New System of the World number two was written about by the incomparable Neal Stephenson in his incredible Baroque Cycle series. It explores the singular creation of a new way of organizing society grounded in new modes of thought in business, religion, politics, and science. Our modern world emerged Enlightened as it could from this roiling cauldron of forces.
In IT we may have had a Leonardo da Vinci or even a Galileo, but we’ve never had our Newton. Maybe we don’t need a towering genius to make everything clear? For years startups, like the frenetically inventive age of the 17th and 18th centuries, have been creating a New System of the World for IT from a mix of ideas that many thought crazy at first, but have turned out to be the founding principles underlying our modern world of IT.
If you haven’t guessed it yet, I’m going to make the case that the New System of the World for IT is that much over hyped word: cloud. I hope to show, using many real examples from real startups, that the cloud is built on a powerful system of ideas and technologies that make it a superior model for delivering IT.
Interesting piece but Todd misses a couple of critical points:
First, Newton was wrong. (full stop) True, his imagining of the world was sufficient and over-determining for centuries, but it wasn’t true. It took until the 20th century for his hegemony to be over turned but it was.

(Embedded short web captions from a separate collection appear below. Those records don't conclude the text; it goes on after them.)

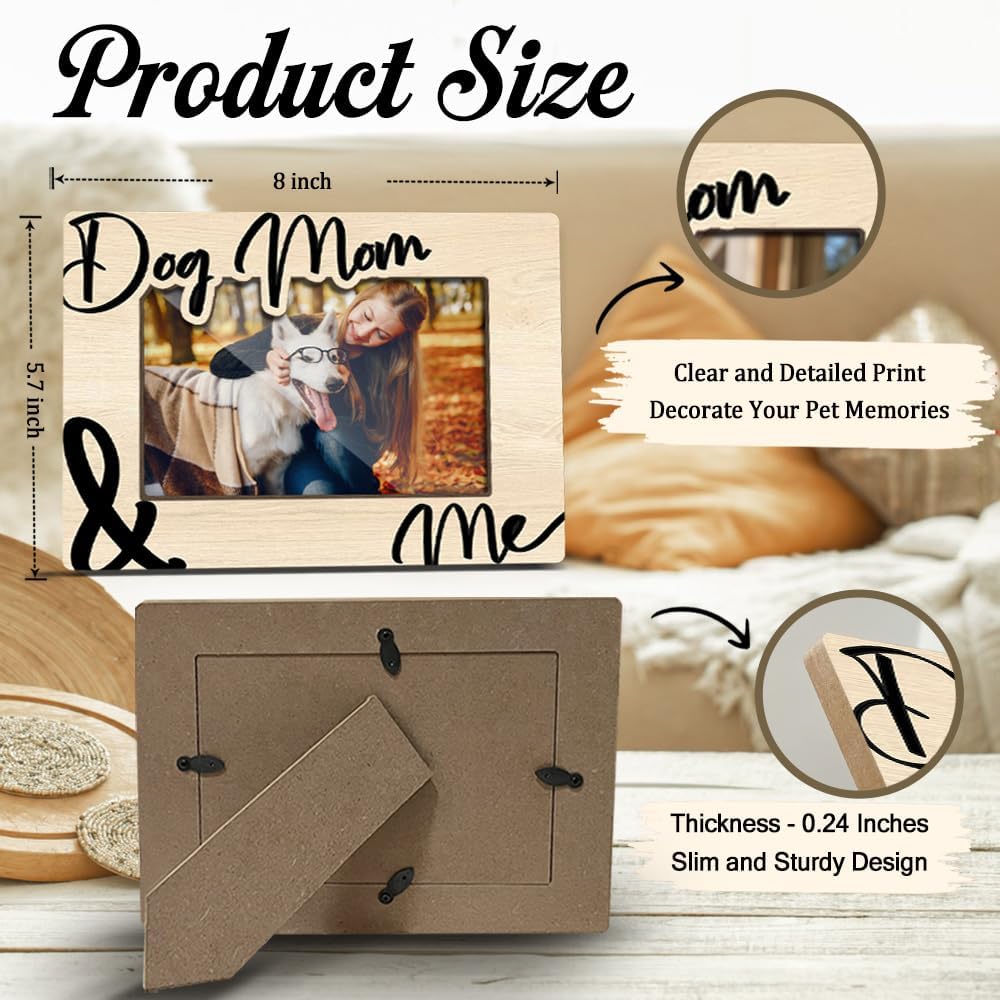 Dog Mom and Me Wooden Picture Frames Present for Dog Lover Pet Owner Women Girls Friends Puppy Memorial Keepsake Home Office Living Room Tabletop Decor Picture Picture Frames 4x6 Photo - YY015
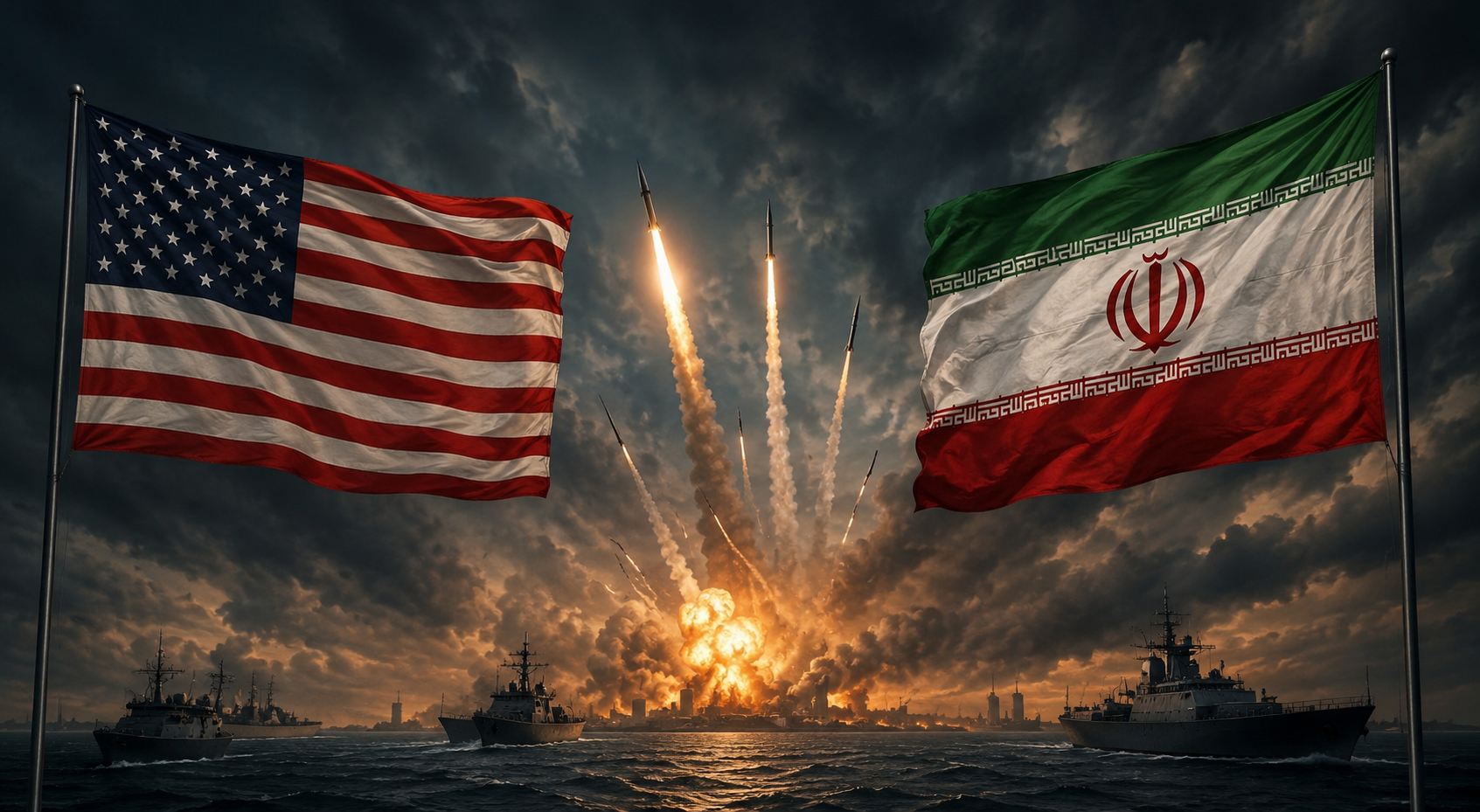 Dramatic banner showing U.S. and Iranian flags facing each other with naval warships, missile launches, and explosions over the sea, symbolizing the America Iran conflict 2026 and rising Middle East tensions.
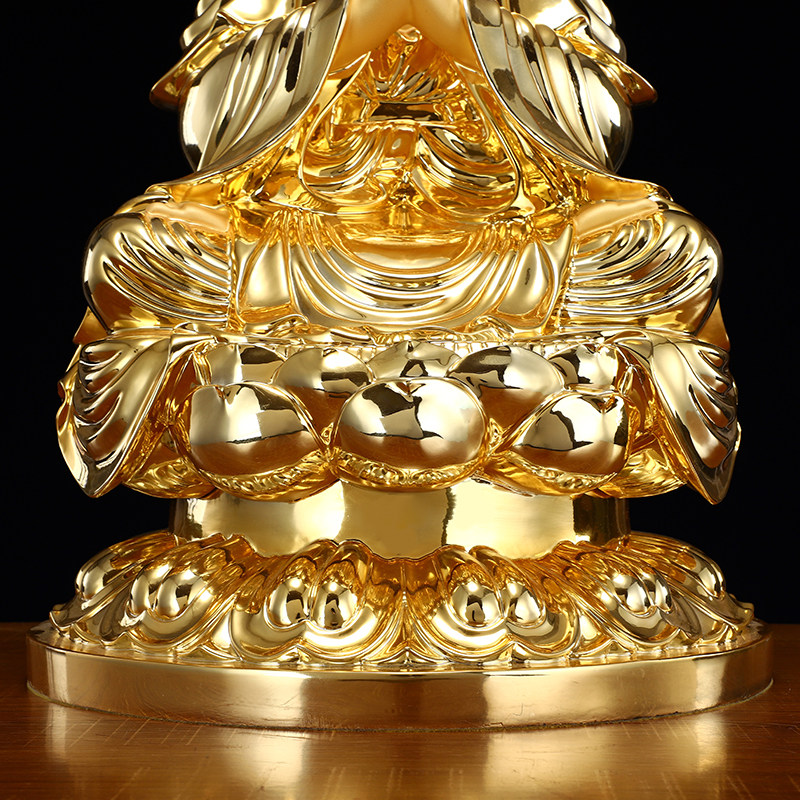 开光纯铜贴金佛像观音菩萨摆件合十观世音居家摆件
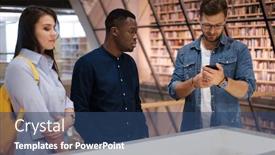  Presentation with public - Audience pleasing PPT layouts consisting of multicultural group of students in a public library backdrop and a ocean colored foreground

Newtonian mechanics are still taught, but for how much longer? As our understanding of quantum systems grow and our designs move closer and closer to realms unimagined by Newton.

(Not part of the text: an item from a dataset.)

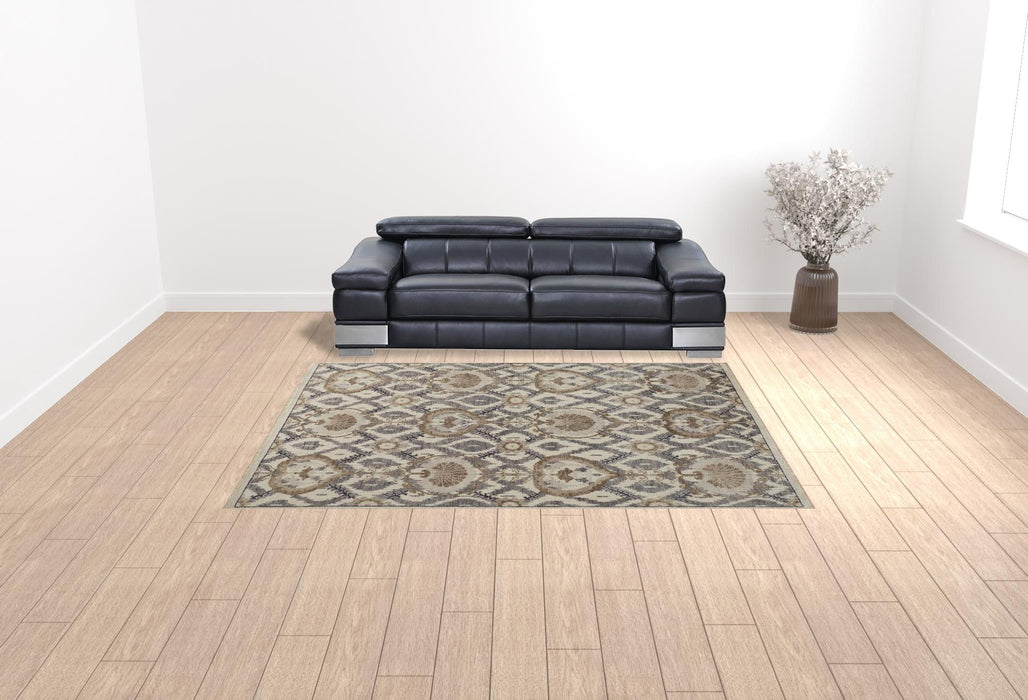 9' x 12' Wool Floral Hand Knotted Stain Resistant Area Rug - Ivory Gray And Taupe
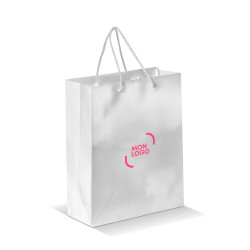 Sac en papier coloré premium anses cordelettes 24x30x10 cm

Second, every effort you find at Sourceforge or Freshmeat or similar locales, is the project of someone or small group of someones, all utterly convinced that their project has some unique insight that isn’t contained in the other N projects of the same type. That may well be true, at least for some of them.

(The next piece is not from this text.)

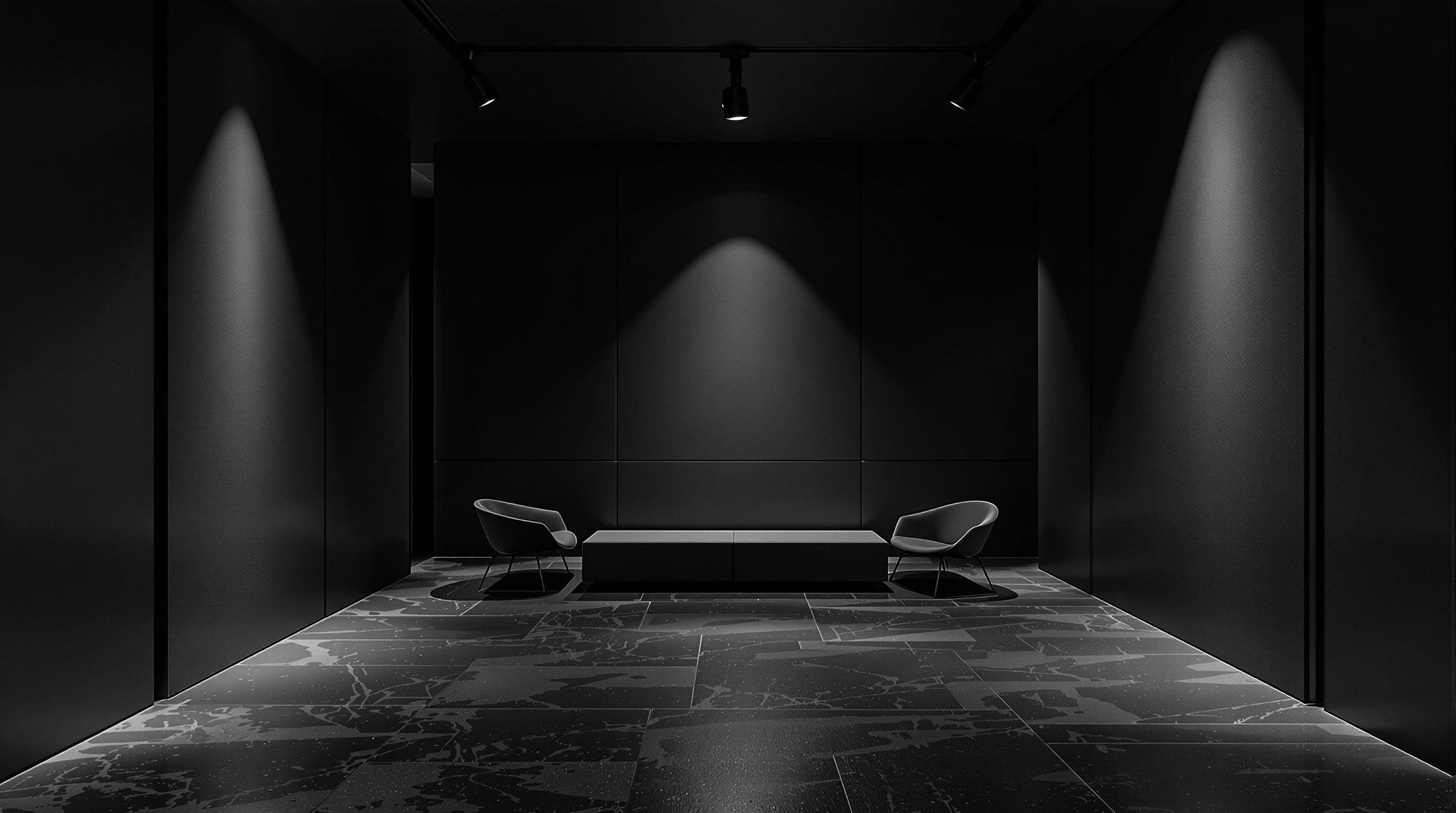 Chambre noire contemporaine inspirée par Templeton Architecture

But the point remains that the “cloud” enables that fracturing of IT services to a degree not seen up until now. Well, at least not for a long time.
I remember there being 300 or so formats that conversion software offered to handle. How many exist in the cloud today? How many do you think there will be a year from now? (Or perhaps better, how many clouds do you think there will be a year from now?)
With or without the cloud, greater data access is going to drive the need for an understanding and modeling of the subject identities that underlie data and its structures. Brave new world or no.
Enjoy your Newtonian (or is that Napoleonic?) dreams.